Tennessee lawmakers have passed a bill banning the release of airborne chemicals that critics say is inspired by "chemtrails" conspiracy theories.

The bill forbids "intentional injection, release, or dispersion" of chemicals into the air.

It doesn't explicitly mention chemtrails, which conspiracy theorists believe are poisons spread by planes.

Instead it broadly prohibits "affecting temperature, weather, or the intensity of the sunlight".

The Republican-sponsored bill passed along party lines on Monday. If it is signed by Tennessee's governor, Republican Bill Lee, it will go into effect on 1 July.

The bill's backers were spurred on by a government report released last year on solar geoengineering, which is the idea of cooling the planet by reflecting sunlight back into space. The White House, though, has said that there are no plans "to establish a comprehensive research program focused on solar radiation modification."

Several witnesses who testified before the Tennessee legislature cited debunked conspiracy theories or speculated about secret government geoengineering programmes, according to Scott Banbury, conservation director of the state's branch of the Sierra Club, an environmental organisation.

Their claims were troubling, he said.

"As a serious environmental organisation, if what was in the bill was actually going on we would be calling for a stop to it," he said. "It's not happening."

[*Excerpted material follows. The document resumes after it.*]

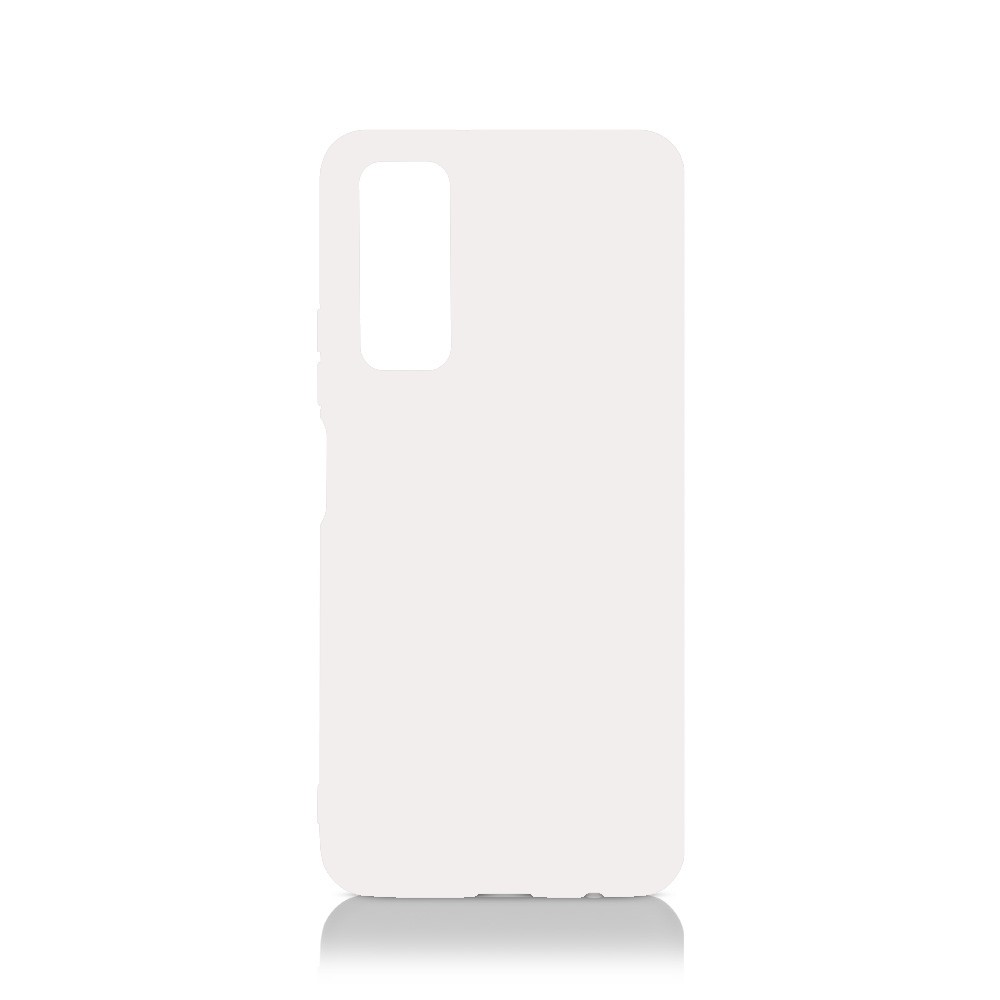 

Чехол-накладка More choice Silicone Soft для Honor 10X Lite (2020) White, Белый, SSHH10XLite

Geoengineering, weather modification and 'chemtrails'

The legislation focuses on geoengineering, a very broad category which includes mostly theoretical large-scale action to mitigate climate change.

Geoengineering is controversial even among legitimate climate scientists, because of uncertainty around its usefulness and the possibility of unintended outcomes.

Planet-wide climate engineering is distinct from more routine weather modification, such as cloud seeding, which increases rainfall over specific areas and is used in several US states.

"Chemtrails", meanwhile, is a separate, pseudoscientific idea that governments or corporations are spraying chemicals from planes to kill, control or poison people.

Conspiracy theorists point to white plumes of water vapour trailing behind passenger airplanes, commonly called contrails, as proof of sinister and secret plots, but lack evidence for their claims.

The most common claim of proof is "simply that aircraft contrails look 'different', without any comparative analysis," according to a report from a Harvard geoengineering group.

"This as convincing as saying that alien beings walk among us in disguise as people because some people act very strangely," it said.

In recent decades speculation about chemtrails has risen as the number of airline flights - and thus the number of contrails - has surged.

In the debate over the Tennessee bill, lawmakers and witnesses cited a range of both reliable and debunked facts about geoengineering and weather modification, and at least one witness said she believed the White House was engaged in climate experiments but could not provide definitive proof.

Protection for Bigfoot

The legislation's sponsor, Monty Fritts, called it "a very common-sense thing to do".

Although several lawmakers mentioned chemtrails while the bill was being discussed, during Monday's session Mr Fritts focused on cloud seeding.

"Everything that goes up must come down, and those chemicals that we knowingly and willingly inject into the atmosphere simply to control the weather or the climate are affecting our health," he said.

In a joking response, John Ray Clemmons, a Democrat from Nashville, introduced an amendment that would protect fictional beasts.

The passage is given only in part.